The film was sent to be developed in Bono Labs in Arlington, Virginia, which, according to Aronofsky, was the only one to develop black and white reversal stock. Consequently, the crew only received dailies after a week of sending the footage in. Raw stock cost $5,414 and developing it cost $18,000. While the crew was able to shoot in the warehouse for free, they did have to pay the electricity bill, which increased dramatically during filming.

During post-production, most of the budget went toward the negative cut, which was a match back from an AVID cut list. Clint Mansell created the score on his equipment, for which he was paid a deferred fee. The rest of the money for music went toward rights for festival entries. There was a separate budget for film and lab for post-production for the blow-up release print, which cost roughly $25,571. Another $3,000 went to the 35mm optical soundtrack.

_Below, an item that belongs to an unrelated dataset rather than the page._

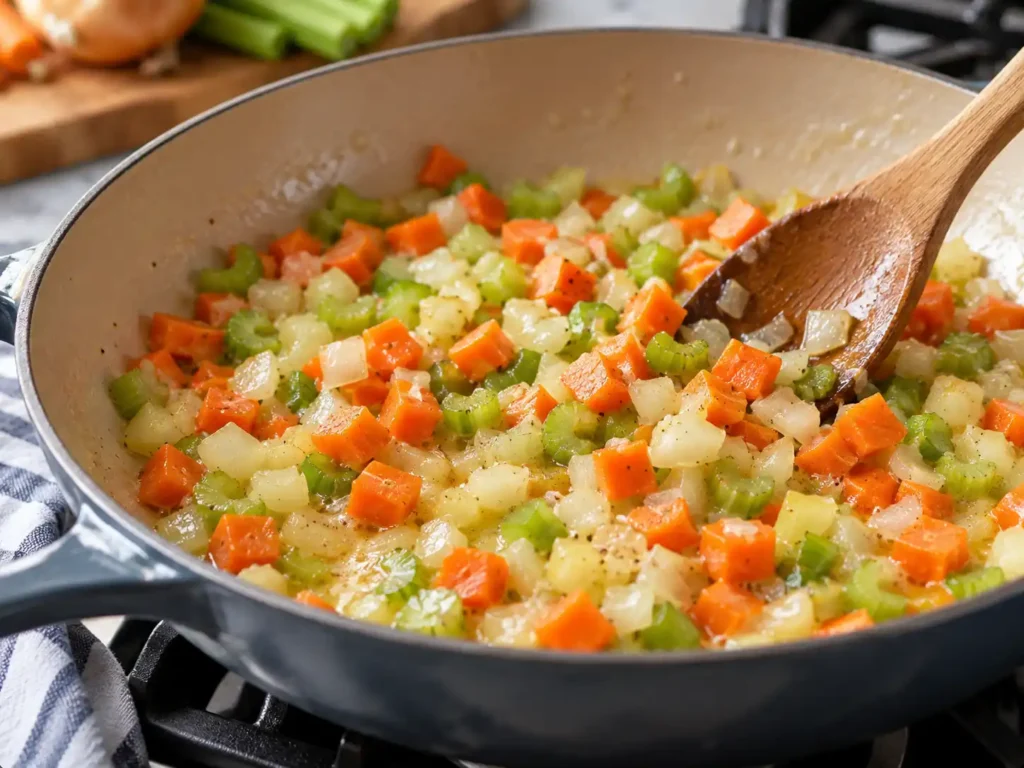 Onion, carrots and celery softening in butter for chicken pot pie noodle casserole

The production cost was $60,927, and post-production costs amounted to $68,183. Along with other expenses, including insurance, the film cost $134,815.

Themes

Mathematics
Pi features multiple references to mathematics and mathematical theories. For instance, Max finds the golden spiral occurring everywhere, including the stock market. Max's belief that diverse systems embodying highly nonlinear dynamics share a unifying pattern bears much similarity to results in chaos theory, which provides machinery for describing certain phenomena of nonlinear systems, which might be thought of as patterns. During the climactic drill scene, a pattern resembling a bifurcation diagram is apparent on Max's shattered mirror.

The game of Go
In the film, Max periodically plays Go with his mentor, Sol. This game has historically stimulated the study of mathematics and features a simple set of rules that results in a complex game strategy. Each character uses the game as a model for their view of the universe; Sol says that the game is a microcosm of an extremely complex and chaotic world, while Max asserts its complexity gradually converges toward patterns that can be found.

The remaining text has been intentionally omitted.